No, I remember the market bottomed on 9-21, just 10 days later (and remember
the market was shut down for 4 trading days right after the attack), and the
market immediately began to surge vigorously back up.  Traders with long
memories began buying as soon as the market reopened, because similar
shocks, because the markets have always rebounded quickly in the past from
similar shocks, such as the Pearl Harbor attack or the assassination of
President Kennedy.  I well remember another distortion that happened right
after 9-11:  gasoline prices immediately shot up to ridiculous levels at
many outlets--no danger posed to oil supplies on 9-12 of course, just lots
of merchants (but not all) trying to exploit a general climate of fear.  I
don't know who to despise more--the greedy gasoline merchants, or the
unthinking dupes who were stupid enough to actually buy at those elevated
prices.   The latter are probably the same people who believe there's a
social security "trust fund,"  that every up and down wiggle in the GDP is
caused by decisions of the US President, or, in the northeast,  that
everyone with a southern accent dresses  in white sheets and pillow cases
for their barbeques.

And it's plausible that part of the
> subsequent decline stems from the growing realization that further
> military action would continue after the Taliban's defeat.

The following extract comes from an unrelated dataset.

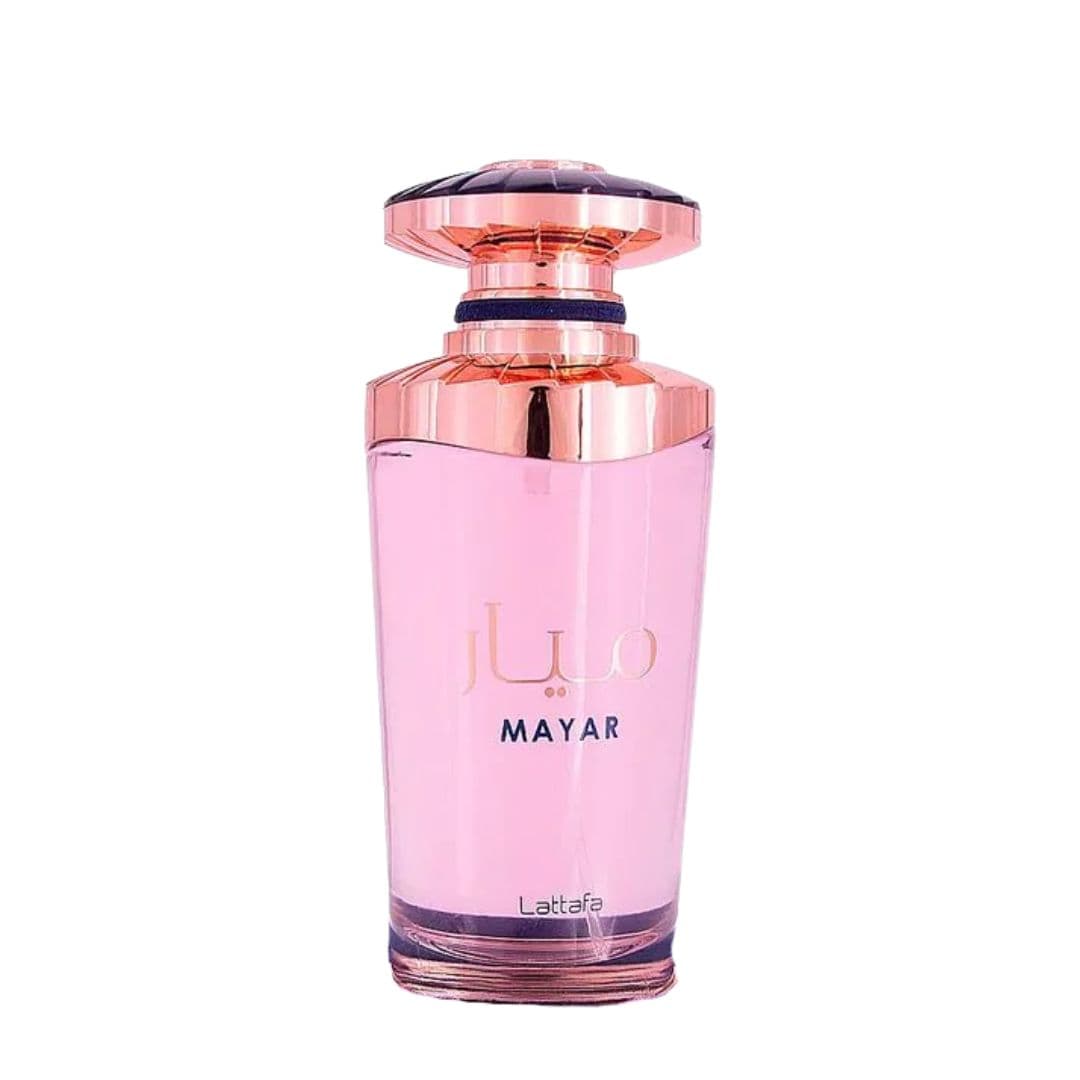 LATTAFA MAYAR NATURAL INTENSE EAU DE PARFUM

More likely, part of the decline comes from because the markets are
uncertain as to whether there will be further military action.  After the
10% correction following Iraq's invasion of Kuwait in 1990, the market took
off like a rocket as soon as the US began dropping its bombs on Iraq the
following January.  It is not so much war as uncertainty that rattles the
markets.  The markets were also weak during the weeks following the election
of 2000, when no one knew for sure who the next US President would be.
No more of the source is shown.